DPR menilai kondisi ini tidak lagi layak, dan menuntut peningkatan layanan minimal ke Grade-C atau Grade-B.
Wakil Ketua Komisi VIII DPR RI dari Fraksi Partai Gerindra, Abdul Wachid, menegaskan bahwa pelayanan di Armuzna harus ditingkatkan secara menyeluruh, mulai dari tenda, akomodasi, hingga konsumsi.
“Saya melihat langsung di Arafah, ada penyedia layanan yang hanya mendapat anggaran Grade-D, tapi bisa menyuguhkan pelayanan standar Grade-C, bahkan Grade-B. Artinya, peningkatan layanan itu bukan mustahil—asal ada niat dan pengawasan yang kuat,” ujar Wachid, yang juga menjabat sebagai Ketua Panja Revisi UU Haji, dikutip dari laman DPR.
Pelayanan Buruk Tidak Boleh Lagi Dianggap Normal
Abdul Wachid menegaskan bahwa keluhan jemaah terkait layanan tidak layak di Armuzna harus dihentikan. Ia menyebutkan bahwa fakta di lapangan menunjukkan ketimpangan antara anggaran dan realisasi layanan. Banyak pemondokan dan fasilitas yang disediakan tidak mencerminkan nilai anggaran yang telah dikeluarkan.
“Kita tidak ingin lagi mendengar cerita jemaah kelelahan karena tenda pengap, makanan tidak layak, atau sanitasi buruk. Jika ini terus dibiarkan, maka ibadah suci menjadi momen penuh penderitaan,” tegasnya.
BACA JUGA :
Efisiensi Tanpa Kenaikan Biaya
Menanggapi kekhawatiran soal biaya, Wachid menyatakan bahwa peningkatan kualitas layanan tidak harus dibarengi dengan kenaikan biaya haji. Justru DPR mendorong efisiensi melalui strategi kontrak jangka panjang untuk pemondokan di kawasan khusus Indonesia.

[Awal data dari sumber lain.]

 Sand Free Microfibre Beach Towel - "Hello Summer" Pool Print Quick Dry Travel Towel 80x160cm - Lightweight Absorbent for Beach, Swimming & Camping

“Kami ingin ada satu blok kawasan Indonesia yang dikontrak selama lima tahun. Ini akan lebih murah dan efisien. Selisih anggaran bisa dialihkan untuk peningkatan layanan di Armuzna,” jelasnya.
Dorongan Revisi UU Haji
DPR RI melalui Komisi VIII juga tengah mempercepat pembahasan Revisi Undang-Undang Nomor 8 Tahun 2019 tentang Penyelenggaraan Ibadah Haji dan Umrah. Salah satu fokus revisi adalah perbaikan tata kelola dan peningkatan akuntabilitas layanan, termasuk sistem pengawasan yang lebih ketat terhadap penyedia layanan di Arab Saudi.
“UU Haji harus menjawab tantangan zaman. Kita tidak bisa terus bertumpu pada sistem yang membiarkan jemaah menerima layanan di bawah standar,” tandas Wachid.

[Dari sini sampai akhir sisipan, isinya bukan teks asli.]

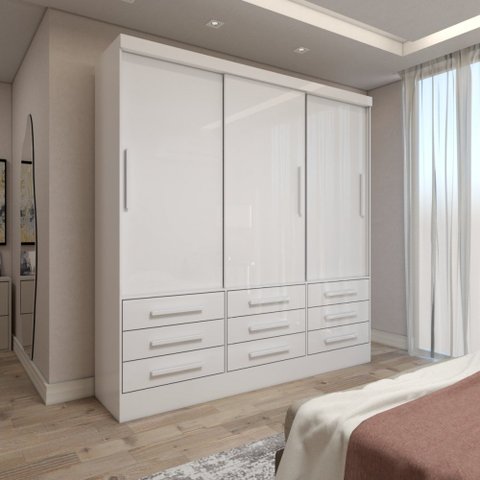 Guarda-roupa Casal Ferrara 3 Portas 9 Gavetas Branco - Panorama Móveis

Timwas DPR RI menegaskan bahwa ibadah haji adalah hak seluruh umat Muslim Indonesia, dan negara wajib menjamin pelaksanaannya berlangsung dengan aman, nyaman, dan bermartabat. DPR juga menyerukan agar Kementerian Agama dan seluruh mitra penyelenggara haji lebih transparan dan profesional dalam penggunaan anggaran.